The Bush administration’s anti-Cuba policy has reached an absurd new low. The New York Times reported this past week that Major League Baseball officials are planning to fight a Bush administration prohibition on the Cuban national baseball team playing in the first World Baseball Classic in the US next March. Treasury officials that oversee travel restrictions to and from Cuba rejected baseball’s application for the Cuban team.

The move is seen as part of harsh policy of tightening the US blockade of Cuba. Baltimore Orioles owner Peter G. Angelos told the New York Times that he regarded the administration’s policy of 'the continued isolation of the Cuban people' to be 'wrong' and 'stupid.' In 1999, Angelos helped to bring the Cuban team to Baltimore to play the Orioles. The highly talented Cuban team, winners of Olympic gold in 1992, 1996, and 2004, brought out an enormous crowd of enthusiasts expecting a great game.

In addition to that event, the Cuban team came to the US unfettered for the 1996 summer games in Atlanta. Under the Bush administration, the Cuban soccer team played in the Concacaf Gold Cup, a tournament of North and Central American and Caribbean teams, held in the US last summer. This past August, a US team made up of 14-year olds traveled to Cuba for several exhibition games, establishing friendship among baseball-loving youth of both countries. Regardless of the rules governing the US restrictions on travel to and trade with Cuba, they seem to have little application to that country’s participation in the World Baseball Classic. While the US blockade of Cuba serves to hurt ordinary Cubans by putting severe restrictions on trade with the island, extending the politically motivated blockade to baseball is simply arbitrary and in contradiction with earlier treatment of Cuban sports teams.

Opponents of the administration’s policy of tight restrictions on travel and trade regard it as undermining the basic right to free movement and business. (Read more about the US blockade of Cuba here, or here, and here.)

Major League Baseball says it plans to continue negotiations with the administration and to reapply for the travel permit from the Office of Foreign Assets Control (OFAC). The baseball players’ union is also supporting the effort to reverse the administration’s prohibition.

OFAC is the federal agency that restricts travel and trade with the island country. Some sources say that under the Bush administration OFAC spends more money and time investigating and controlling exchanges with Cuba than it does investigating the assets of major terrorist organizations like Al-Qaeda.

Angelos also said that he believed the administration’s prohibition against the Cuban team was politically motivated. 'It’s a continuation of a vendetta,' Angelos reportedly said, 'against one [country] who rightly or wrongly defied our administration over the years.' He added that he did not think Major League Baseball would defy the prohibition if it stands.

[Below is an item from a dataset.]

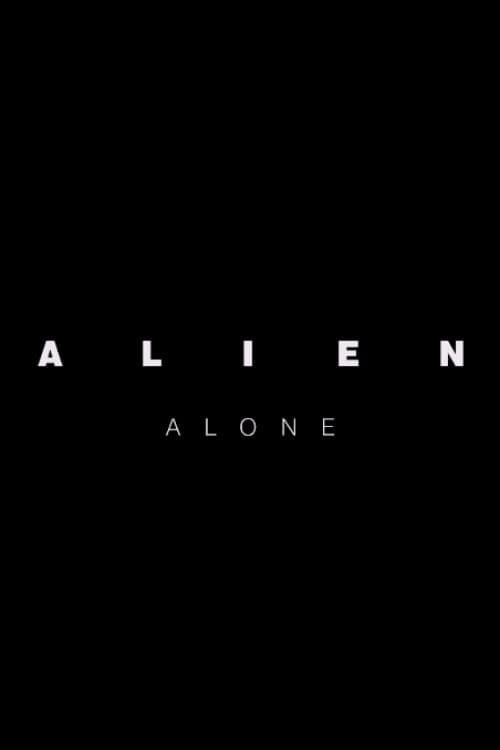Alien: Alone (2019)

It is clear that Cuba’s participation in the tournament, which will bring teams from at least 16 countries, would benefit the tournament because the team is very talented and would draw large audiences.

The administration’s decision to prohibit the Cuban team may have larger long-term repercussions on future US bids to host the Olympics. US Olympic Committee spokesman, Darryl Seibel, told the International Herald Tribune that he expects there may be some fallout in response to the administration’s decision from the International Olympic Committee (IOC) which decides where future games will be held.

Seibel said, 'It’s important for any country that’s bidding for the Games to be able to represent with confidence that athletes and coaches from around the world will be able to come to their country'

The Canadian member of the IOC, Dick Pound, added that the administration’s prohibition 'would scupper' future US bids to host the games.

Using the twisted logic it has become famous for, the White House insisted that its policy of keeping Cubans out would allow Cuban American players to represent the island country at the tournament.

Ordinary Cubans reportedly regard the decision to prohibit the participation of their national team as representative of the Bush administration’s continued policy of bullying the tiny country.

According to CNN, Puerto Rico’s Secretary of State Fernando Bonilla is also lobbying hard to reverse the decision as the tournament will begin in Puerto Rico where the Cuban teams is currently scheduled to play its first three games.